En 1335, Bartolomeo di Giacomo a érigé les trois premiers étages du clocher, qui a été achevé en 1498 par Antonio da Lodi, qui a construit le beffroi de la tour et son couronnement en forme de temple octogonal. Entre la fin du XVIe et le début du XVIIe siècle, l'archevêque Matteo Saminiato restaura l'église et fit exécuter les fonts baptismaux en porphyre de Vérone en 1599. En 1703, un tremblement de terre dévastateur a provoqué l'effondrement de la flèche du clocher. Entre 1764 et 1770, l'archevêque Francesco Brancia a complètement transformé l'église, lui donnant son aspect actuel. La décoration de la voûte a été réalisée au milieu du XIXe siècle par l'artiste local Del Zoppo.

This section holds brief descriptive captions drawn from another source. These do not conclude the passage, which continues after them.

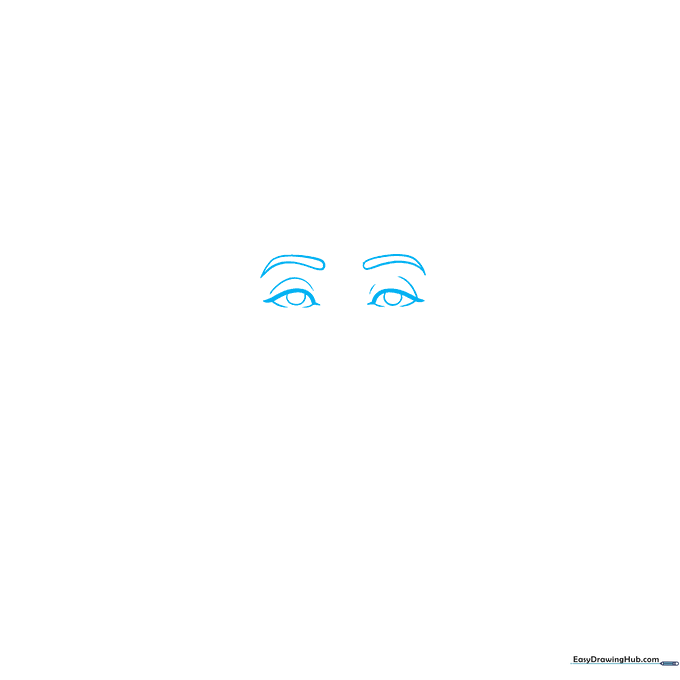 Close-up pencil sketch of Nefertiti's eyes showing thick eyelashes and arched eyebrows.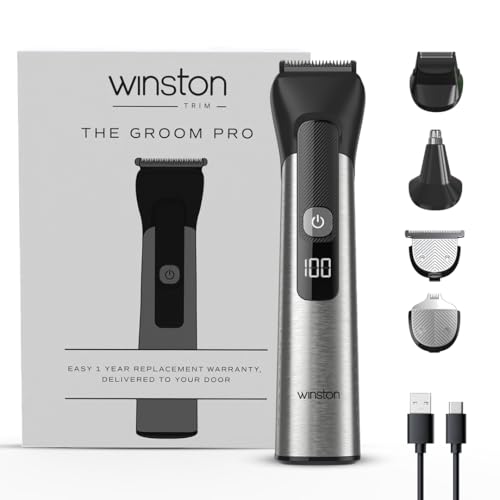 Winston Groom Pro 5 in 1 Grooming Set for Men with 14 Length Attachment Comb, Digital Display, Pedestal, Fast Charging Face, Ear, Nose, Beard, Body Hair Trimmer for Men - Image 1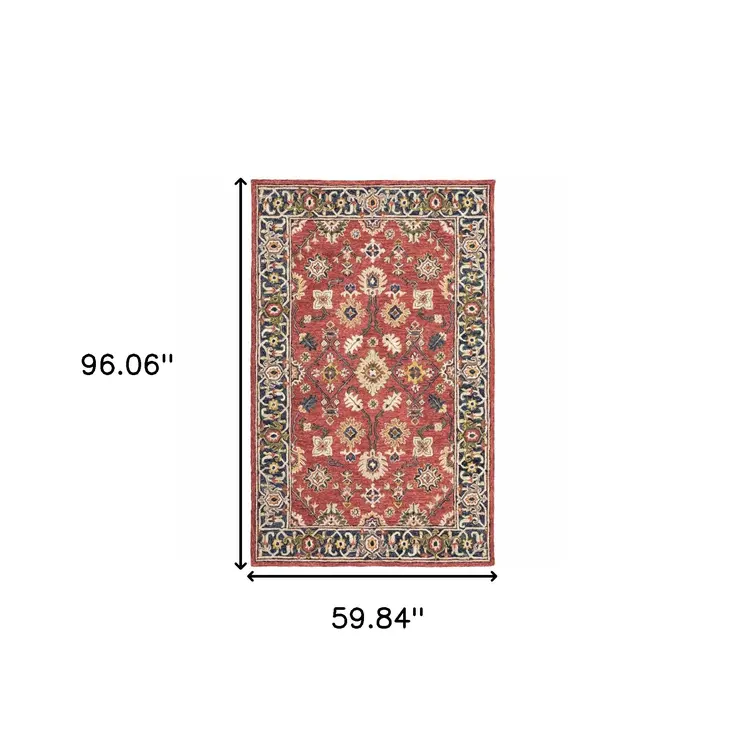 5' X 8' Red And Blue Bohemian Area Rug
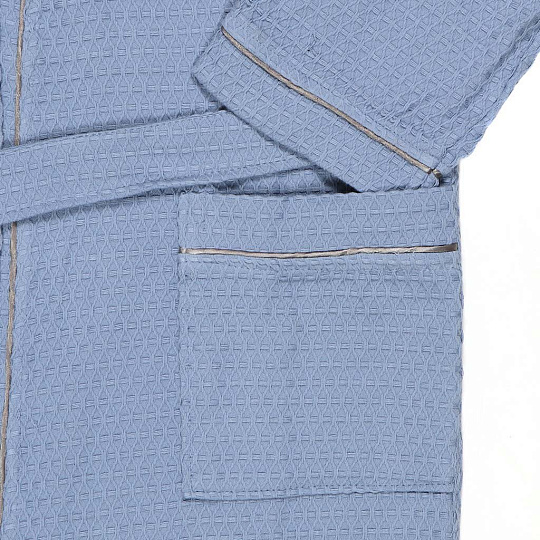 Халат унисекс, вафельный, 100% хлопок, голубой, XXL-XXXL, 56-58, Barkas, AI-0106017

Au XXe siècle, l'architecte Guido Cirilli a réalisé un "design de style" de l'ensemble du complexe religieux. La première phase de l'intervention, dans les années 1910, concernait principalement l'isolation du clocher et sa consolidation. Il a ensuite créé un revêtement pour le bâtiment en l'enfermant dans une enceinte murale qui ne laissait aucune des parties de la construction précédente visible. Il unit le corps de la cathédrale au clocher en concevant un portail à pignon au-dessus duquel s'élève le front de la façade. Il a intégré le clocher à la reconstruction de la flèche. Entre 1970 et 1976, des travaux de restauration et de consolidation ont été effectués sur l'ensemble de la propriété, mettant au jour la structure médiévale précoce de la crypte et détruisant la décoration baroque, grâce à l'intervention du surintendant de l'époque, Mario Moretti.
Le Presbytère et le Secrétariat abritent de belles toiles de Saverio Persico, brillant disciple du peintre napolitain du XVIIIe siècle Francesco Solimena. Le retable principal du Presbytère représente l'Incrédulité de saint Thomas, tandis que les toiles du Secrétariat sont "Le lavement des pieds" et "La Cène". Une toile de Persico est également présente dans la chapelle de l'Immaculée Conception commandée par l'archevêque Nicola Sanchez de Luna (l'autel à gauche du transept). Il est également intéressant de noter la présence d'un autre élève de Solimena : Ludovico de Majo, dont la toile se trouve dans la chapelle dédiée à Saint Gaetano (l'autel à droite du transept). Il convient de noter le précieux chœur en bois réalisé en 1769 par Ferdinado Mosca, le plus grand sculpteur des Abruzzes.
La crypte de la cathédrale de San Giustino présente un plan irrégulier divisé en six petites nefs de deux travées chacune. Aujourd'hui, il semble être entièrement fait de briques avec des éléments en pierre uniquement dans les chapiteaux des colonnes et les pilastres groupés. La crypte conserve des fragments de fresques datant des XIVe et XVe siècles et une arche en marbre contenant les reliques de Saint Justin, patron de Chieti et premier évêque de la ville, sculptée en 1432 par l'évêque Marino del Tocco.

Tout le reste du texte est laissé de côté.